# Available data
┄┄┄┄┄┄

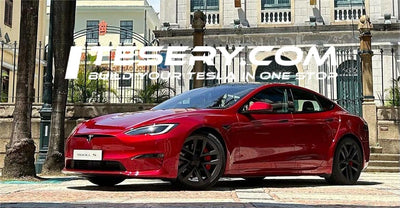 Erschwing licher Luxus: Einführung von Teslas neuen Standard varianten Modell S und Modell X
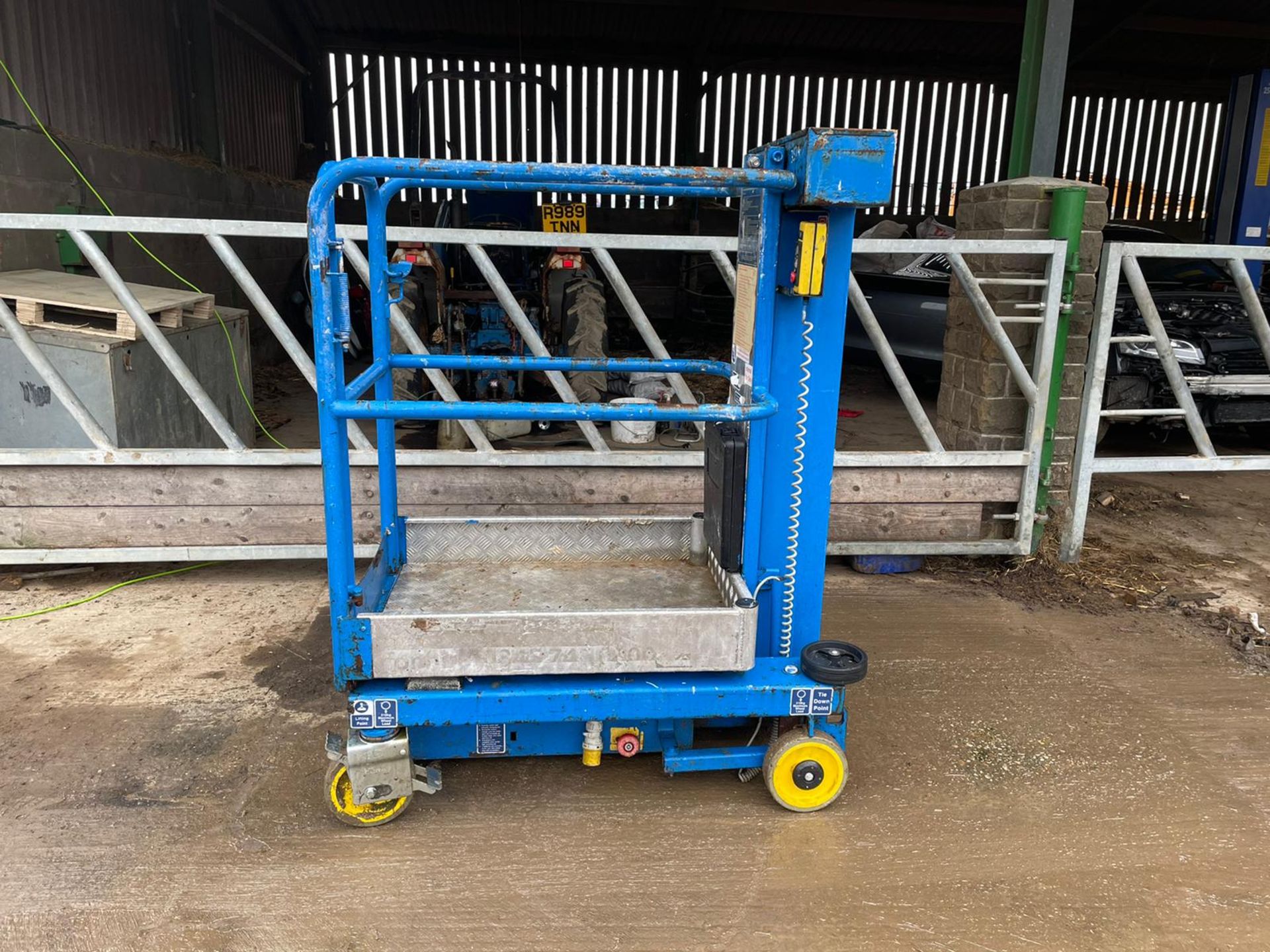 2010 POWERTOWER NANO ELECTRIC SCISSOR LIFT, ALL WORKS *PLUS VAT*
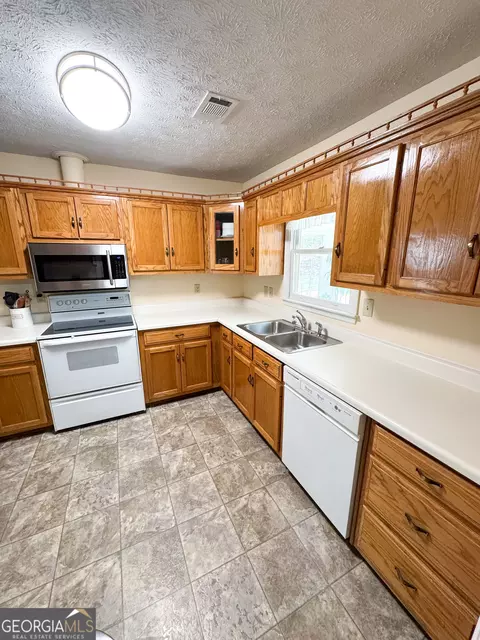 Kitchen - 199 Lake Forest Dr, Lagrange, GA 30240 photo 1 of 3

┄┄┄┄┄┄

Since the pictures are not wanted, transcribe only the rest of the material above, exactly as it stands.

# Reply
 Erschwing licher Luxus: Einführung von Teslas neuen Standard varianten Modell S und Modell X
 2010 POWERTOWER NANO ELECTRIC SCISSOR LIFT, ALL WORKS *PLUS VAT*
 Kitchen - 199 Lake Forest Dr, Lagrange, GA 30240 photo 1 of 3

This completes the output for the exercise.